A lot of people have technical expertise that’s relevant to food manufacturing. Some of them work for companies that are trying to make alt-meats that, if brought to a large scale, could prevent billions of animals from suffering while improving environmental outcomes. Others work for companies that are trying to make Doritos slightly more compulsive so that future people will eat bags of Doritos more rapidly. If you are doing fundamental basic research relative to the flavor and texture of food, it makes a big difference to the world which of those companies you work for!
And I don’t think the fact that people have a “revealed preference” for Doritos does much justificatory work here. Everyone’s got to make a living, and there are worse jobs than Frito-Lay. But if you do have options in life, the right option is to make cruelty-free meat alternatives, not chips. It’s no fun to be a scold, but think about all the times you’ve been mad about an article you read somewhere because you think it got something important wrong. If the author said “well, a lot of people read it,” you wouldn’t find that to be an acceptable defense, and you shouldn’t find it to be an acceptable defense.
Markets are good ways of organizing things, but a healthy market involves the individual participants having integrity and ethics.
I’ve been interested to learn recently that among people who care about AI safety, the AI research team at Meta is considered to be both highly skilled and dangerously cavalier about the risks. I’m not nearly technical enough to delve into these disputes, but I’m not surprised that Meta has earned this reputation. Its corporate culture is deeply invested in the idea that you can just say your ranking engine is showing people “things they will find interesting” and not really bother worrying too much about what that means in practice or how closely the actual implementation tracks a normal understanding of what it means to recommend interesting things to people.

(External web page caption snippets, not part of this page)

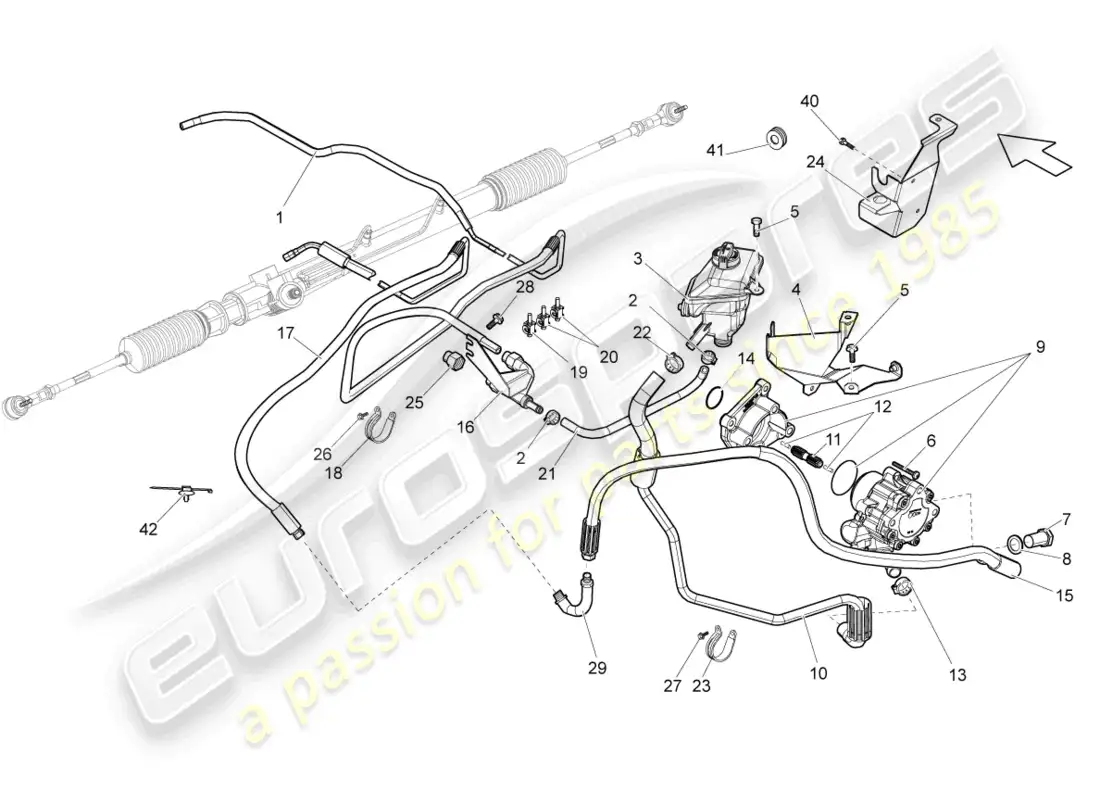 lamborghini gallardo spyder (2008) aparato de gobierno diagrama de piezas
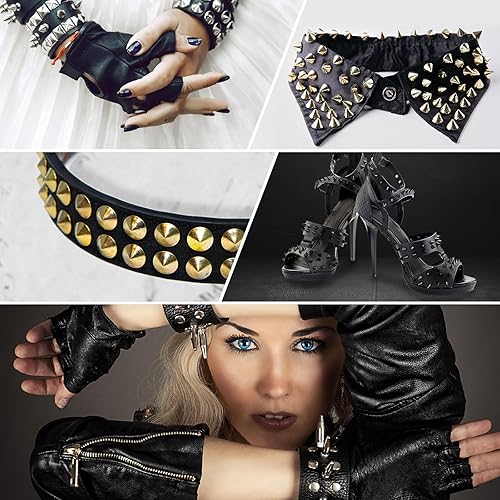 Miniatura 6 de uxcell 1 yarda de puntada en cono de punta, 12 filas de plástico con parte trasera plana, remache punk, cinta para manualidades, bolsos, decoración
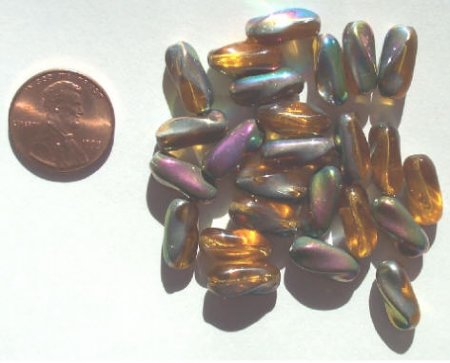 25 13mm Twisted Ovals - Topaz Vitrail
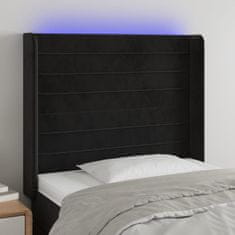 Greatstore Čelo postele s LED černé 83 x 16 x 118/128 cm samet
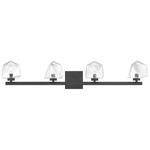 Castello Bathroom Vanity Light - Matte Black / Clear Seeded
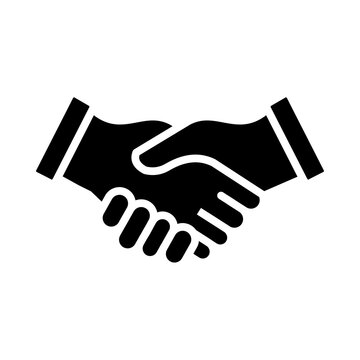 Flat black handshake icon representing business partnership and professional agreement symbol transparent background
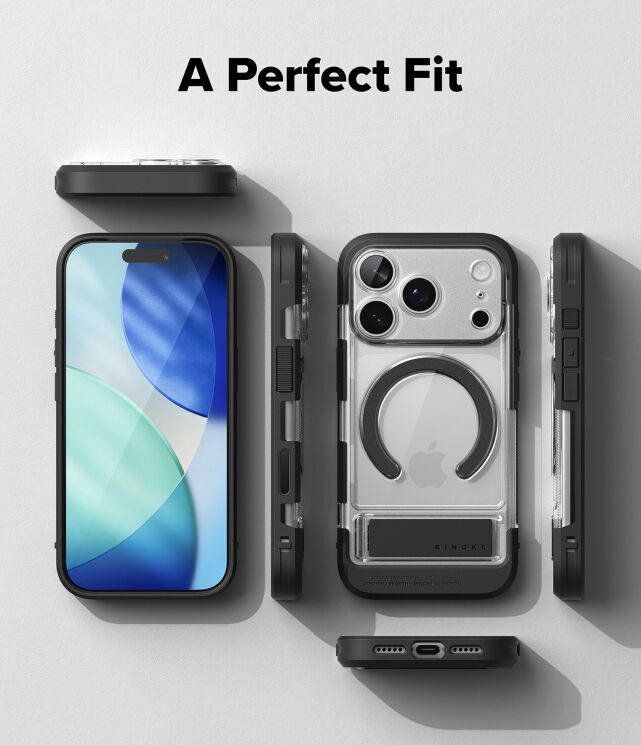 Защитный чехол Ringke UX Magnetic для iPhone 17 Pro (8800328811393) - Smoke Black: фото 8 из 11
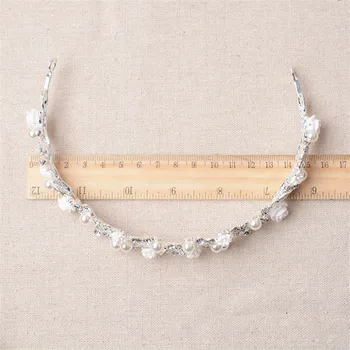 CC rožančiai ir karūnos hairband kristalų, perlų vestuvių tiara paprastas dizainas vestuvių plaukų aksesuarai nuotaka romantiška papuošalai HG316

So far nothing catastrophic has happened because of Meta’s recommendation engines. But the general unwillingness to ask the question “what if it’s bad to create these compulsive apps?” — or even to admit that it’s coherent to wonder if something popular and technically impressive could be bad — speaks to a larger set of blinders. The question of what we really want our machines to do for us is actually fairly subtle and difficult, even in a fairly banal case like auto-playing video. To insist that whatever maximizes time spent on the app is, by definition, tapping into our truest preferences is both absurd and dangerous.